If your child has a different surname

If your child has a different surname to you then you will already be familiar with extra paperwork that you have to fill out, assumptions that you have the same name as your child and also the extra paperwork that you will have had to send off to get your childs first passport.  Surely, once you have the passport thats it right? Well, no, not always.

So, if you are travelling with your child or children and they have a different surname or surname variation to you then you may be asked to prove their identity when going through passport control and/or checking it at the airport (this also applies to other border controls at seaports for example and isn’t exclusive to airline travel).

The reason for this is for child protection.  It is to help prevent abductions and child smuggling and routine checks are more frequent now than ever before, even when returning to the UK.
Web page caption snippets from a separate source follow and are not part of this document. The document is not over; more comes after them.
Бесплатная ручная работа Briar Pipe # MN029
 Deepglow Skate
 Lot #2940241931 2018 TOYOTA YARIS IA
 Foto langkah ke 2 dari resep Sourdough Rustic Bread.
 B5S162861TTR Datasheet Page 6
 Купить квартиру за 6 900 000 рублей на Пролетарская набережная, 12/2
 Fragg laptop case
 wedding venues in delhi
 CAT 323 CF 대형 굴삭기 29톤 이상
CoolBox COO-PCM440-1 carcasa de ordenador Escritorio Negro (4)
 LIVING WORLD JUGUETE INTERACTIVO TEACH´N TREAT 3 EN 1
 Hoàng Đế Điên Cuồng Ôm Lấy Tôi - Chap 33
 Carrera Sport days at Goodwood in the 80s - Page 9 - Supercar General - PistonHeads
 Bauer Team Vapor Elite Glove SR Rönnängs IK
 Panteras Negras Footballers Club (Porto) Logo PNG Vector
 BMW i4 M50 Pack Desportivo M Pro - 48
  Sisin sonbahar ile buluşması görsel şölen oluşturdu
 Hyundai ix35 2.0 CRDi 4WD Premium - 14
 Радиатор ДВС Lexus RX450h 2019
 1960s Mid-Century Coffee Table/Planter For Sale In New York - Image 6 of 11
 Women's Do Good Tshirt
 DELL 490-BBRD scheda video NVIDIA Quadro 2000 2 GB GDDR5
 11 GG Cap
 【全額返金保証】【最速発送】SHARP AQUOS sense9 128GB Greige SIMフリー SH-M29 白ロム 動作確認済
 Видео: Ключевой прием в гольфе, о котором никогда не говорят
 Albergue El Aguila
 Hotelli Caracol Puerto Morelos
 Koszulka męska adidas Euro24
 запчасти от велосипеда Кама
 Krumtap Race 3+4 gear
Making the process easier when you travel

So, what you can do to make life a bit easier to prove the child is yours and that you are allowed to be travelling with them.

  • If both of the parents of the child are travelling with the child then there shouldn’t be any questions.  Unless the child has a completely different surname, but if you are both registered as the parents then this should be straightforward.
  • If only one parent or someone else is travelling with your child, such as a grandparent then you should make sure that whoever is travelling with the child has a consent letter signed by any parents that are NOT present.  A simple note explaining the dates of travel, who they are travelling with and the parents full name an if possible get it countersigned, either by a local solicitors (for a small fee) or by a company director, doctor, teacher or other professional who would have been allowed to sign the childs passport photo.

Whilst this isn’t officially recognised by all authorities (including the UK), it will help.  It may avoid further questions or if not will give the contact details for someone who the authorities could contact to verify your claim to the child.

If you are an adoptive or foster parent then the court order saying you are the lawful custodian or guardian of the child should be sufficient.

Official guidance

It is worth checking with the airline if they have any special requirements. The UK Government “Taking a Child Abroad” article is worth reading too.